When the subject came up on Bill Maher's "Real Time" on March 2, the plain-spoken Maher argued that words matter, and that nothing is gained by using unduly positive language to describe our losses in a war that was unnecessary, ill advised, and poorly conceived from the beginning.
Rep. Barney Frank, D-Mass., one of Maher's guests that night, opposes the war, as well, but he argued that adding to the pain of families that have lost loved ones in Iraq by using terms like "wasted" is unconscionable.
We find ourselves in a bad double bind. On one hand, the war has turned from its dubious beginnings into a chaotic disaster. No one knows how to get out. The best its supporters can offer is a thin glimmer of hope. On "Meet the Press" on March 4, Sen. Lindsay Graham, R-S.C., said that Gen. David Petraeus and a surge of 21,500 troops are our "last best chance." While the violence and chaos continue, other vague reassurances come from those who have been wrong about the war all along.
On the other hand, our nation is blessed with young men and women who are willing to live in arduous conditions for indeterminate deployments while doing, almost without question, the difficult and dangerous tasks we've given them. They were sent to Iraq in insufficient numbers and with inadequate armor. As a result, many have been killed and many more have been wounded. The Bush administration has been reluctant to allow press coverage as their coffins return and, now we discover, many of the wounded have received inadequate care. Nevertheless everyone claims to "support the troops" and yellow ribbons can be seen on the backs of SUVs. And our troops continue to serve, for the most part, willingly and honorably.
So, how should we refer to those who lose their lives while fighting valiantly in a bad cause? We probably overuse the term "hero," to the point where we've bled it of most of its meaning. Still, there's something noble and deeply honorable about the devotion of our armed services to our nation, whatever the mission. Christians call this the expression of great love, to lay down one's life for one's friends. And Barney Frank is probably right: Whatever the circumstances, to call their sacrifice a "waste" is a characterization too painful and bitter to force on families who have suffered too much already.

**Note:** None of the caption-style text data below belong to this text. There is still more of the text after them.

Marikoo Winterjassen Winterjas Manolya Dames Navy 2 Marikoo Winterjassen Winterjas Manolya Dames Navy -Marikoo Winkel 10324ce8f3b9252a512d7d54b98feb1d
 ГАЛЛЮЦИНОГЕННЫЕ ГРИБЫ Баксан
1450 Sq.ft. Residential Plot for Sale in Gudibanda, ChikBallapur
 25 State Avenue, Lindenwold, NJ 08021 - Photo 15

The Gettysburg Address comes to mind. Over the graves of soldiers who had died to preserve the union, President Lincoln urged devotion to their cause, so that "these dead shall not have died in vain." If the goal of a free, friendly, democratic, and oil-rich Iraq is eventually realized, we may say that the sacrifice was worth it, although we still face a grim calculation of the toll, which could be 4,000, 6,000, or 10,000 killed troops, with many more wounded.
Unfortunately, at present the achievement of that goal doesn't seem likely, and many other lives are still at stake. Candid talk is called for. Many of the perpetrators of our war in Iraq, variously misguided, mistaken, and incompetent, have gone on to better jobs or comfortable retirements. Some remain in office. Some have been awarded nice medals. None of them has paid for their mistakes and malfeasance.
In fact, just about the only ones who have really paid for this war, besides the Iraqis, are the ones who have fought it, in miserable and dangerous conditions, during uncertain and multiple deployments, for low pay, and with insufficient honor and care upon their return. What do we call them? How about "victims"?